Bill Edwards, chairman of Mortgage Investors Corp., St. Petersburg, Fla., believes that a proactive approach to refinancing borrowers facing rate resets could save many from foreclosure. And MIC, a firm that is one of the nation's leading VA lenders but is approved to originate other loan types as well, has approached industry servicers about using its workforce of loan officers to aid in a massive streamline refinancing attack on the problem. But to save many borrowers from foreclosure and to minimize losses, lenders, servicers and investors may have to make some concessions themselves, Mr. Edwards believes.
Mr. Edwards says the current subprime crisis is "shameful for the industry," noting that almost all of the headlines stemming from the failure of some lenders and higher-than-expected early payment defaults have been negative.
Mr. Edwards acknowledges that it won't be possible to save every troubled borrower and that finding solutions to help those who can be helped will not always be easy. But he believes it is in the best interest of lenders and investors to try to negotiate ways to salvage these loans wherever possible.
"The only answer is that there is no steadfast answer to it. It is a crisis. It's obviously less of a crisis if you don't foreclose than if you do foreclose," Mr. Edwards said. "I think there are a lot of good people getting some bad luck right now."
There are a number of causes for the current rise in defaults on subprime loans. In addition to a loosening of underwriting standards and the advent of some riskier loan products, borrowers have had to deal with rising gas prices and higher minimum payments on credit cards. Many couldn't manage to balance the competing demands on their finances as gas prices doubled and credit card payments doubled. Next, mortgage resets, particularly on teaser rate loans, have doubled the home loan bill for some.
"The only thing that hasn't doubled is your income. That's sitting the same," Mr. Edwards said.
For that reason, he believes the problem extends beyond the subprime market into prime loans. Financially strapped borrowers, even if they were prime credits at loan origination, have the potential to see their credit deteriorate as mortgage payments reset and they run into difficulty paying bills.
And with a record number of homes for sale nationwide, it is getting more difficult for borrowers who bought more house than they can afford to sell their way out of the problem. Some experts predict that the industry could see 2.5 million foreclosures this year.
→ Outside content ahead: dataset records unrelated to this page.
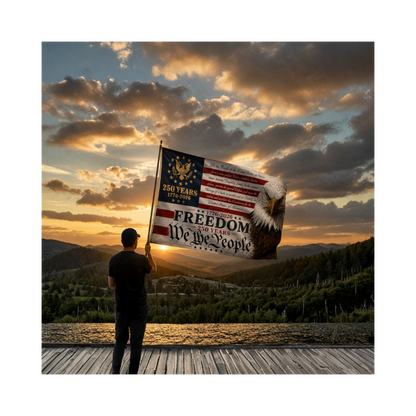 America's 250th "Freedom" and "We the People" flag with eagle design displayed outdoors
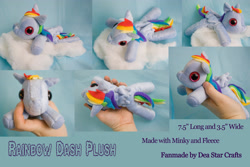 Size: 4272x2848 | Tagged: safe, artist:bluepaws21, character:rainbow dash, species:pegasus, species:pony, advertisement, beanie (plushie), cloud, female, irl, mare, photo, plushie, solo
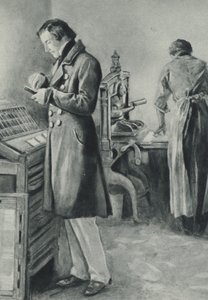 William Lloyd Garrison setzt den Satz für seine Zeitung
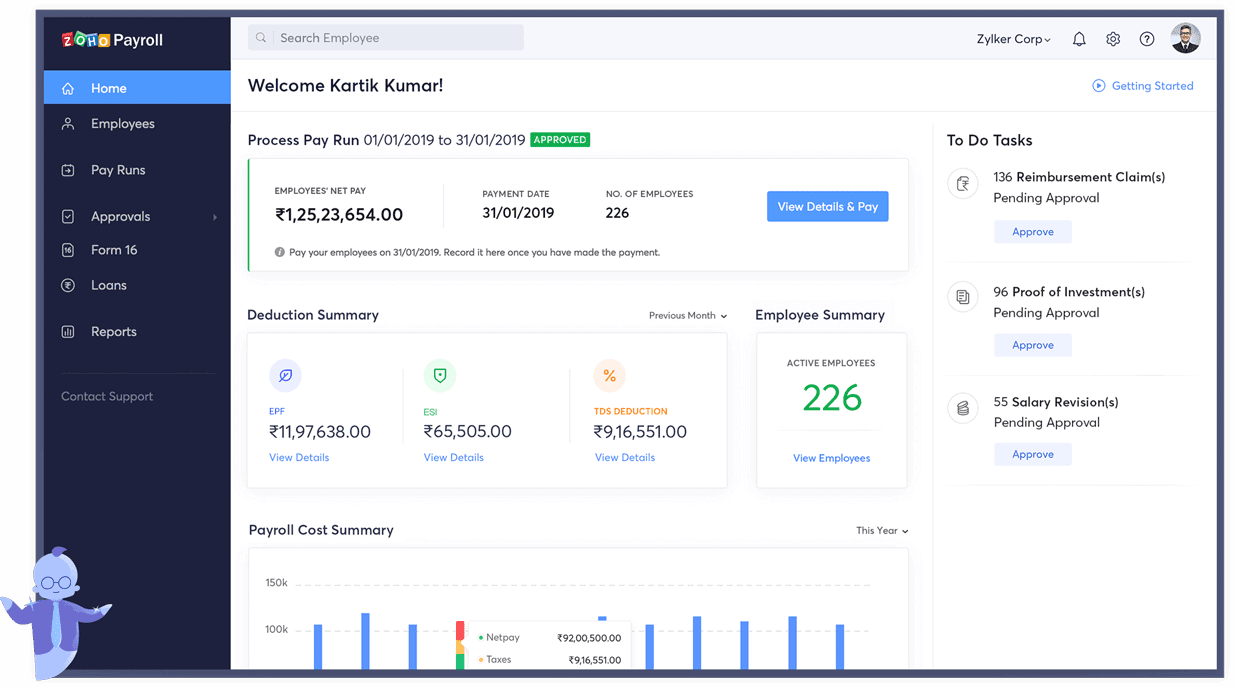 Zoho Payroll- easy payroll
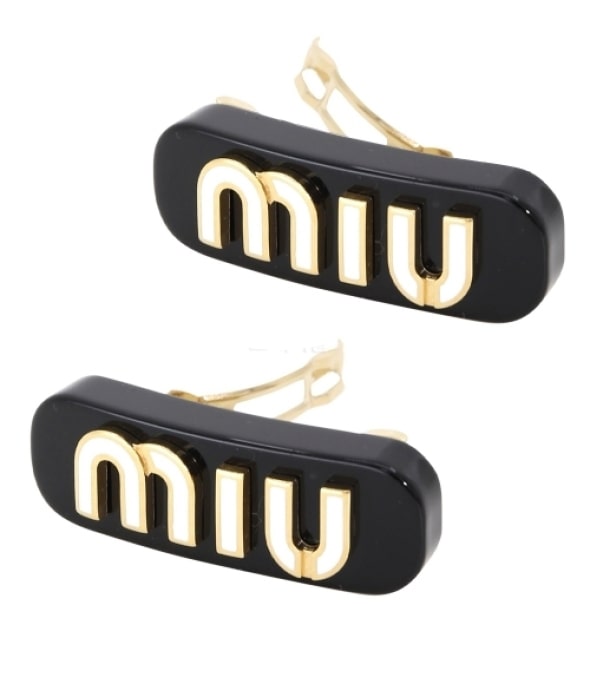 BLACK metal hair clip MIUMIU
Instead, loan modifications and workouts will be needed to keep borrowers in their homes, Mr. Edwards believes.
Why is MIC getting involved in this issue? The company, which has produced $7 billion to $8 billion in home loans during its best years, has helped many military veterans refinance into more attractive financing through the VA home loan program. And MIC is exclusively a retail lender with a national sales force dedicated to talking to customers and educating them about their home loan options.
Mr. Edwards notes that about half of borrowers who go into foreclosure never talk to their loan servicer. Servicers need to be more proactive about reaching these customers, Mr. Edwards said. He added that early detection is the key to helping borrowers avert foreclosure.
"The wisest thing would be to go to them and sit down with them and see if we can't do something in the way of a loan modification that would salvage the loan, the lender and everybody alike," he said.
Lenders may have to sacrifice things like prepayment penalties to make it work, he said. And loan terms perhaps would have to be stretched out to make the loans affordable to troubled borrowers.